The Credit Check
Just how do they check, how do they score and what can they find ?
What is a credit check?
When you apply for a loan, credit card, store card or mortgage, the lender will conduct a credit check before approving your application. To define, a credit check is the process of judging the creditworthiness of the borrower by reviewing his credit repayment history. The lender basically examines the borrower’s capability to abide to their financial responsibilities. A credit check gives assurance to the creditor that the lender will repay his loan regularly.
What things are taken into account while performing a credit check?

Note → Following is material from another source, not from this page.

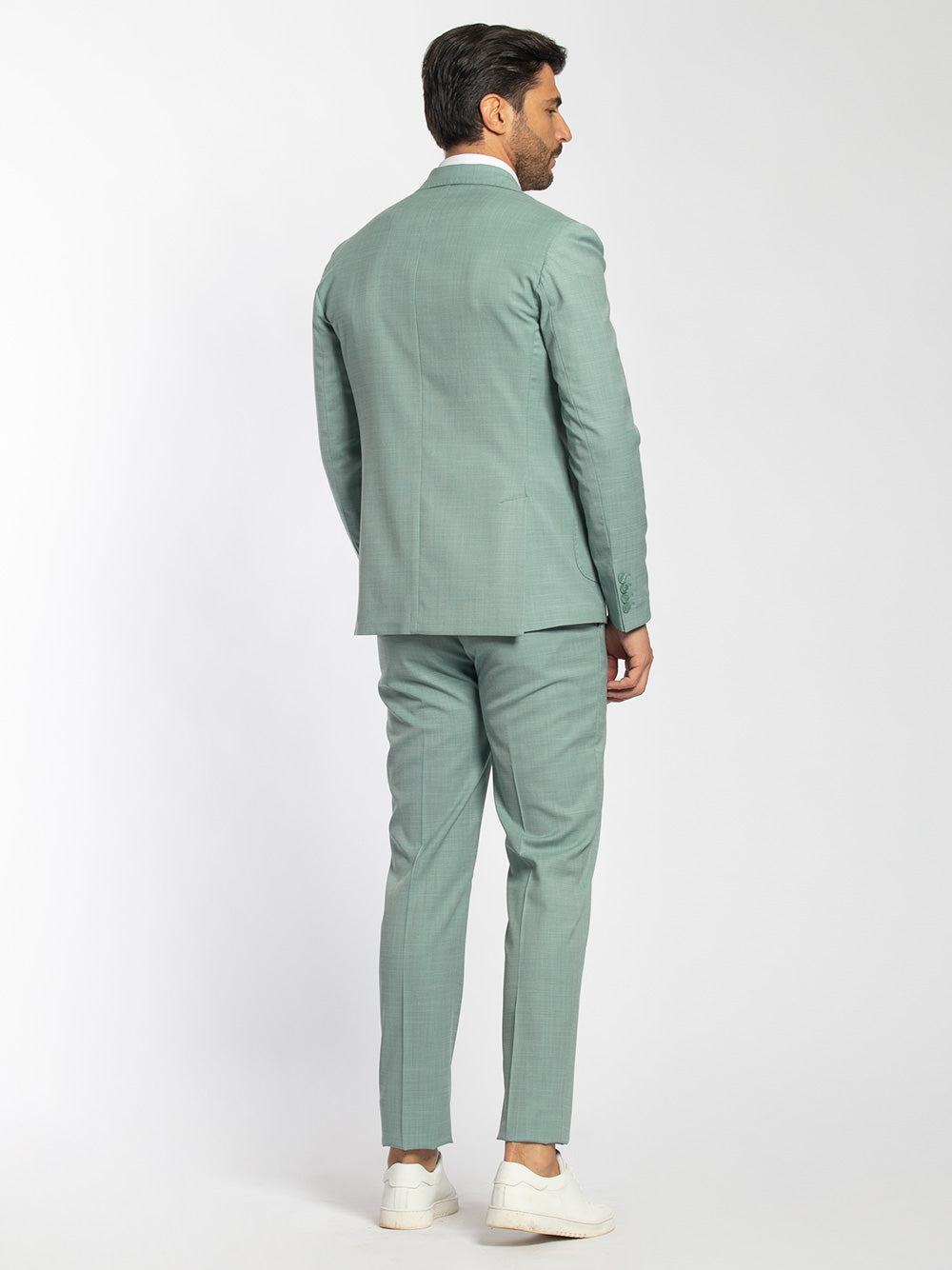 Abito petto a lancia monopetto slim fit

While performing a credit check, the lender will give you points on the following details.
- Your employment status
- Number of years you have lived in your current house
- Your credit card details
- Your income details
- Other loans you have availed
- Your repayment record
- Number of arrears, defaults and missed payments you had
- If you have any CCJ registered against you
- Have you ever been declared a bankruptcy
After evaluating all this, the lender will make your credit report, mentioning your credit score according to his parameters.
The lender will not ask you for all the information required, nor will they usually research themselves – they will turn to the services of a credit reference agency who will hold all you financial history on a central database ….. scarey isn’t it !!!

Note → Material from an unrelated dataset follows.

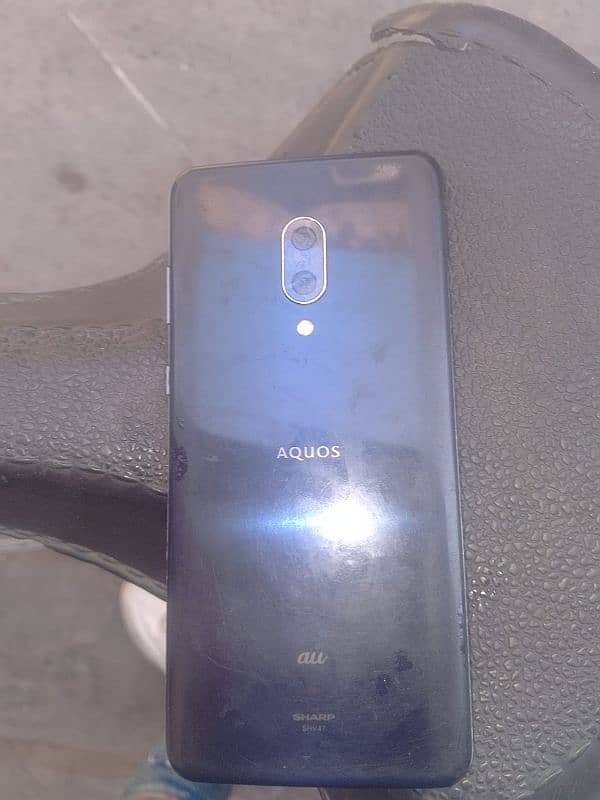 AQUOS zero2 256 store 8gb Ram finger not working 3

There are three main credit reference agencies in the UK:
This information is NOT private – YOU are entitled to see your report and check the information held.

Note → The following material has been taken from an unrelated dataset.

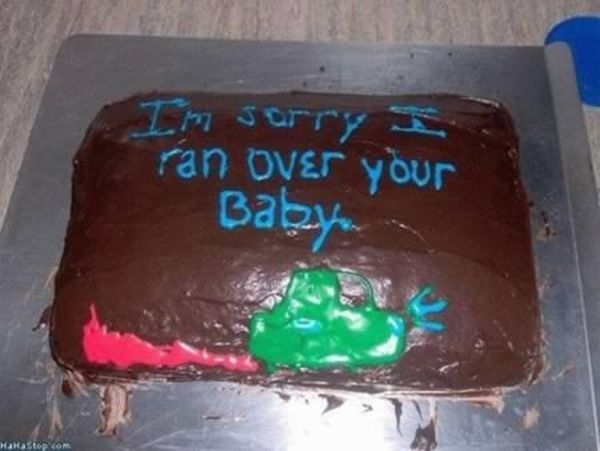 Funny Texts for a Cake (12 pics)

County court judgments will automatically be registered and are kept on record for period of six years. The information a credit reference agency hold about you is known as your credit report (or file).Credit reference agencies hold information about your credit agreements (including any arrears), county court judgments (CCJs) and electoral roll information. A lender can only pass on information about your credit agreements with your consent. You usually give this consent when you sign the credit agreement. Failure to obtain your consent is a breach of the Data Protection Act 1998.
Credit reference agencies provide factual information with your consent, so that a company can make a decision about whether to lend you money. They do not have a ‘blacklist’ of people who should not be given credit.
When being considered for credit, a lender may also take into account factors such as your age, occupation and whether you are a homeowner, (the information you give them on your credit application). Lenders often assess this information and the information on your credit report using a process known as credit scoring (see below). They will also take into account whether you are on the electoral register. This may be an important part of the lender deciding whether to give you credit.
You can apply to go on the electoral register at any time of the year. Contact your local council for further assistance. You should make sure you fill in the electoral registration form sent out in September or contact your local council if you move at any time in the year.
The lender may give points to each piece of information it has and then add them up to give you a credit score. If you do not score above the particular company’s pass level then you may well be turned down. The score might take into account the information on your credit report. Each lender has their own policy guidelines that they follow when making lending decisions.
Every time you apply for credit a ‘search’ by the lender is marked on your credit report. Searches stay on your file for different times depending upon which credit reference agency was used. Experian holds search entries for 12 months, Equifax and Callcredit for up to 24 months.
Ask the lender if they are using a credit score to decide whether to give you credit. If the company uses a computerised system you should be given broad information about how credit scoring works and the type of things they have taken into account in the scoring system for that company. If you are turned down they should tell you if you didn’t pass. They should also tell you if you were turned down for any other reason, for example, because of the information held on your credit report.
If the decision was made solely using a computerised scoring system you can ask the lender to look at your application again. This review should be done manually and not using an automated system. You may have to supply extra information to support your application.
If you are refused credit you should ask the lender which credit reference agency they used and request a copy of your report from that agency.
If you have been refused credit, then you should ask the lender which credit reference agency was consulted and whether the credit reference agency’s information was the reason for the decision. You can contact this agency and ask for a copy of your credit report under the Data Protection Act 1998. At the time of writing this costs £2 by letter or over the internet and £3.50 by telephone from Experian. The agency will require your full name, current address, date of birth and any previous addresses that you have lived at for the past six years. Your report should be sent to you within seven working days unless the agency needs you to send proof of your identity, for example, if you have moved home recently. If the information is incorrect then you have a right to ask the agency to remove or correct the information.
You should check information held by all of the three main credit reference agencies, Experian, Equifax and Callcredit plc as some information may be different.